ON May 17 of last year I completed a thousand-mile journey by train, bus, and taxi across Turkey from west to east, and crossed the border into the newly independent ex-Soviet Republic of Georgia. The first structure I saw was a customs building with a tall wire fence, guarded by a Russian soldier with a Communist hammer-and-sickle on his cap. Though Georgia is a sovereign nation, Russian soldiers controlled the frontier with Turkey, because of political pressure from Moscow. The soldier screamed at me and thrust a machine gun toward my stomach. He wore cheap sunglasses and was sucking a lollipop. He looked at my passport, found the Georgian visa, and marched me to a kiosk with mirrored glass. A slit opened in the kiosk, and I saw the bright-red hairdo of a Russian woman, who examined my passport and stamped it. She directed me inside the building, into a steel cage, and several Russian soldiers, also with lollipops, examined my possessions. Then they opened the cage, and I walked toward another kiosk, this one without mirrored glass, where a group of friendly Georgians glanced casually at my passport and welcomed me to Georgia. They directed me to yet another caged enclosure, where a heavy-set Georgian woman gave me a customs form to fill out. I lied on it, of course. Because there are no cash machines in the southern part of the former Soviet Union, I was carrying $3,500 in $20 bills in a pouch hidden under my trousers. Fearful of being robbed on the spot, I declared only $400. The woman directed me to another booth, the last, where a group of Georgian security police—in tight shirts, with muscular forearms and calculating expressions—looked over my passport and customs declaration.

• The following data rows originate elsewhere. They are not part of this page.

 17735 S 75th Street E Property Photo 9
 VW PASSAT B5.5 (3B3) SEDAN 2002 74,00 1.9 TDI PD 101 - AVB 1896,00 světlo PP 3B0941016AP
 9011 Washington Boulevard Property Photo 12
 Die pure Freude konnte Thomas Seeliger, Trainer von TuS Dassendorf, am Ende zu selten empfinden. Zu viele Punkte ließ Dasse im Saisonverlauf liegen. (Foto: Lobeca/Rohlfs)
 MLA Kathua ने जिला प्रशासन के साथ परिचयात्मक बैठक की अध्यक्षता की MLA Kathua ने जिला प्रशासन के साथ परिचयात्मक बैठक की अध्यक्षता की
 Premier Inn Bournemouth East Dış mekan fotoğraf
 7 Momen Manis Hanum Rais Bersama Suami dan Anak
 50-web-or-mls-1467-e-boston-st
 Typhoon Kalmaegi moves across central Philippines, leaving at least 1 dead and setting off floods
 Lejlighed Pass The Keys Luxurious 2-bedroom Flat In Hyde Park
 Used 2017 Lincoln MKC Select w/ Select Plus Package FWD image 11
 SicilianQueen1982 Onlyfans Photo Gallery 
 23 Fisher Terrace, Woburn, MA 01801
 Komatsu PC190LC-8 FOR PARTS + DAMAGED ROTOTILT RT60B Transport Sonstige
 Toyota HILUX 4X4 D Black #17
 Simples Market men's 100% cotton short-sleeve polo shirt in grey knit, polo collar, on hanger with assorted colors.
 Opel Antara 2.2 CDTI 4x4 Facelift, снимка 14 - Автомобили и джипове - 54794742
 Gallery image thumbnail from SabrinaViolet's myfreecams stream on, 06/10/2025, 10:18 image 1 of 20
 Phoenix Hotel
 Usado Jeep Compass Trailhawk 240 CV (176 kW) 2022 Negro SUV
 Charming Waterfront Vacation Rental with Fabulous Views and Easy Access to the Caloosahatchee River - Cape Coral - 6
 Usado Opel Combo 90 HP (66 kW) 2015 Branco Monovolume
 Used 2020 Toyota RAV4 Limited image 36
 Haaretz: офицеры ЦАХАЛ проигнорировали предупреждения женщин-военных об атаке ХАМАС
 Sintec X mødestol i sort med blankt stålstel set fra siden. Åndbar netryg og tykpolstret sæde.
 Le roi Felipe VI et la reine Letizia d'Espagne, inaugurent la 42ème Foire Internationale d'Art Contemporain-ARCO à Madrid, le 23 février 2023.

"Give me twenty dollars," one of them said, in a mixture of Georgian and broken English. I played dumb and shrugged. He smashed his forearm on the table and repeated the demand. I shrugged. We stared at each other for a few seconds, and then he let me through the gate.
I had entered Adjara, a small region of Georgia where a Georgian dialect is spoken and the population is mainly Muslim. Using religion to divide and conquer, Lenin created Adjara in July of 1921, splitting it off from the main body of Georgia and its Christian population. But such differences from central Georgia in language and religion have little to do with Adjara's current autonomy. Adjara is a fairly benign criminal warlordship run by one Aslan Abashidze, whose power over Aslanistan, as it is locally known, is made possible by the customs duties he extracts on legal and illegal goods entering by sea or over this land border with Turkey. People pay bribes to get jobs at the border posts, particularly at the port of Batumi, where they shake down others to earn back their investment and much more. It's like buying a taxi medallion and making the money back through fares.